Rep. Brett Guthrie (R-KY) hinted at his future rejection of climate science in 2009, when he wrote that ACES “is nothing more than a national energy tax that lacks real solutions.” Likewise, Rep. Sue Myrick (R-NC) argued ACES was “just a tax.” Rep. Adam Kinzinger (R-IL) ignored the threat of climate pollution, saying ACES “does nothing more than capping our limits on economic prosperity by trading our jobs away to countries like China and India. ”
Mary Bono Mack (R-CA), who supported ACES in 2009, voted for the Upton-Inhofe bill “due to her long-standing concerns regarding the role of the EPA and the overly burdensome California standards.”
The Republicans were joined by three Koch-supported Democrats: Rep. Jim Matheson (D-UT), who has received $34,000 from Koch; Rep. Mike Ross (D-AR), $22,000; and Rep. John Barrow (D-GA), $8,250.
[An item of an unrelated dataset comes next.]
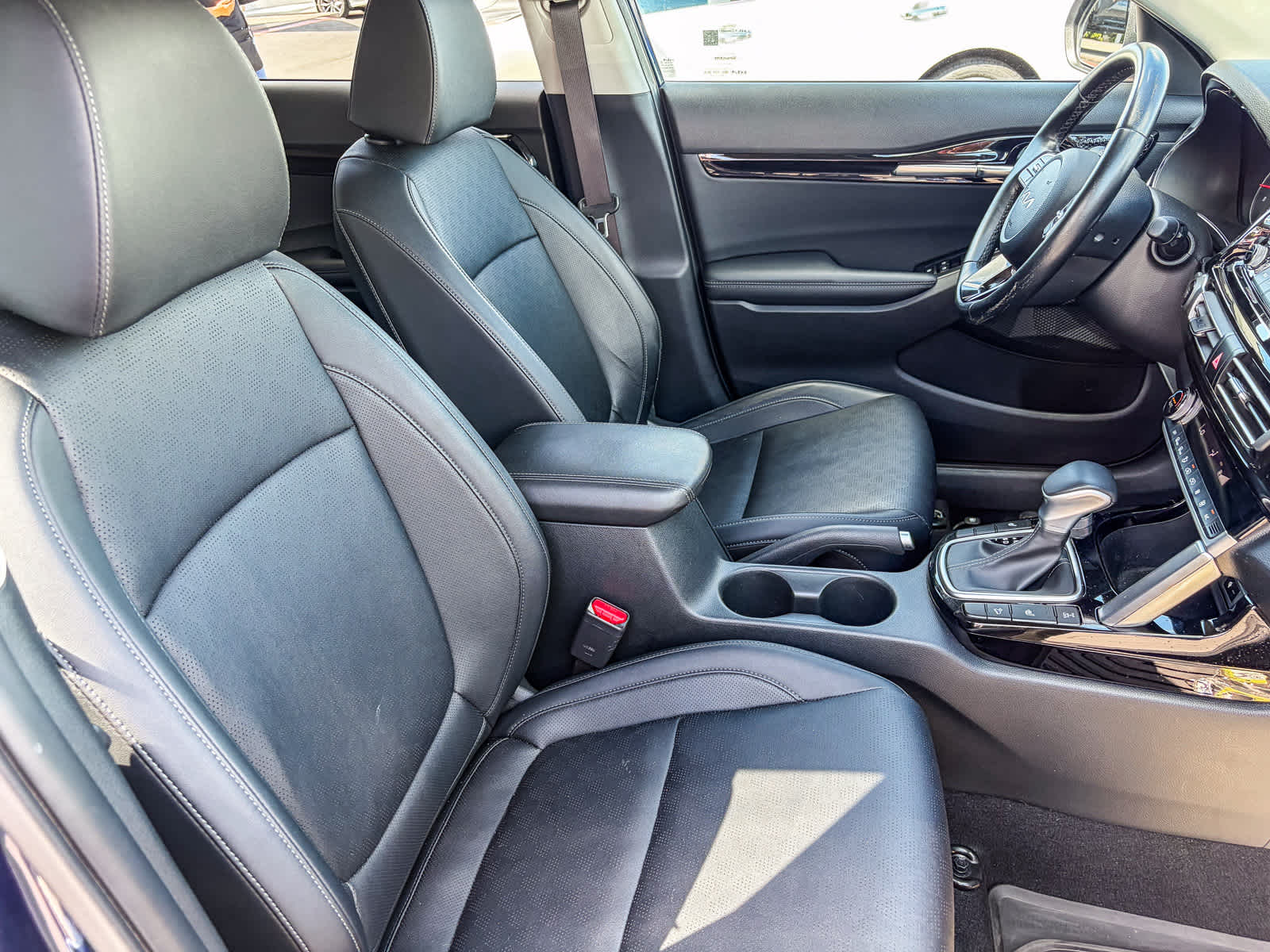 Thumbnail: 2023 Kia Seltos - 16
Koch Industries contributed $6500 to energy committee members in February, new reports indicate: Rep. Michael Burgess (R-TX) ($2500), Rep. Mike Ross (D-AR) ($2000), Rep. Adam Kinzinger (R-IL) ($1000), and Rep. Mike Rogers (R-MI) ($1000). This means the grand total of Koch contributions was $350,250 to the 34 members who supported Upton-Inhofe.